A scholar and performer of medieval music, Dr. Angela Mariani is Professor of Musicology and the founder and Director of the Texas Tech Collegium Musicum (performing medieval, Renaissance, and early Baroque music). In 2009, she also established the School of Music's Graduate Certificate Program in Early Music Performance Practice. In 2017, Dr. Mariani received Early Music America's prestigious Thomas Binkley Award for “outstanding achievement in performance and scholarship by the director of a university or college collegium musicum.” An elected member of the TTU Teaching Academy since 2007, she is also a 2018 recipient of TTU's President's Excellence in Teaching Award.

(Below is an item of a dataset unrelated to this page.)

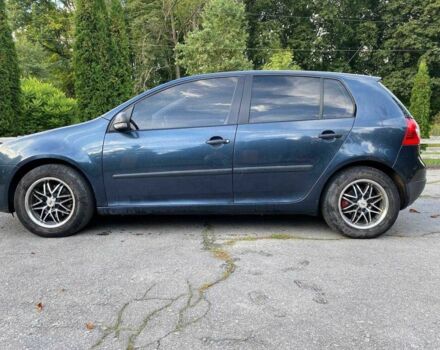 Сірий Фольксваген Гольф, об'ємом двигуна 1.4 л та пробігом 323 тис. км за 3400 $, фото 1 на Automoto.ua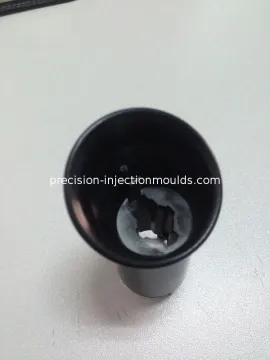 Lkm Dme Hasco Cold Runner Mold , High Polishing And Painting Surface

A native of the state of Massachusetts, Dr. Mariani began her professional music career in the world of rock and folk. While an undergrad at the University of Massachusetts, her performance activities alternated between local rock bands, folk music gigs, and the UMass Collegium Musicum (much to the chagrin of her voice instructors). In the decade that followed, she was a freelance musician in the Boston area, creating a popular acoustic fingerstyle guitar course for Boston's Guitar Workshop and co-founding the folk-rock band Reynardine with Chris Smith. Inspired by a growing interest in medieval music, Dr. Mariani left Boston for the Early Music Institute (now the Historical Performance Institute) at Indiana University's prestigious Jacobs School of Music, where she studied medieval music performance practice with the groundbreaking early music scholar and performer Thomas Binkley. She also studied medieval music with Benjamin Bagby and Barbara Thornton of Sequentia.  While still at Indiana, she co-founded Altramar medieval music ensemble, recording and touring internationally (7 CDs on the Dorian Group label and several tracks for the Norton Anthology of Music).

Dr. Mariani's main research area is medieval music, and in particular historical performance, a discipline that involves extensive inquiry into historical instruments, early notation, unwritten improvisatory and ornamental practices, and the historical context of particular repertoires. As in other areas of Arts Practice Research, these products of scholarship manifest not only in terms of scholarly writings, but also in the process of creating, producing, and directing regular performances. A secondary research area is Contemplative Pedagogy in Higher Education, an approach to pedagogy that seeks to integrate techniques of contemplation, meditation and mindfulness into the process of teaching and learning at the university level. In 2017, Dr. Mariani's book Improvisation and Inventio in the Performance of Medieval Music was published by Oxford University Press; in that same year she also received TTU's Barnie E. Rushing Jr. Faculty Distinguished Research Award (Humanities). In 2019, the book received Texas Tech's First Place President's Faculty Book Award. 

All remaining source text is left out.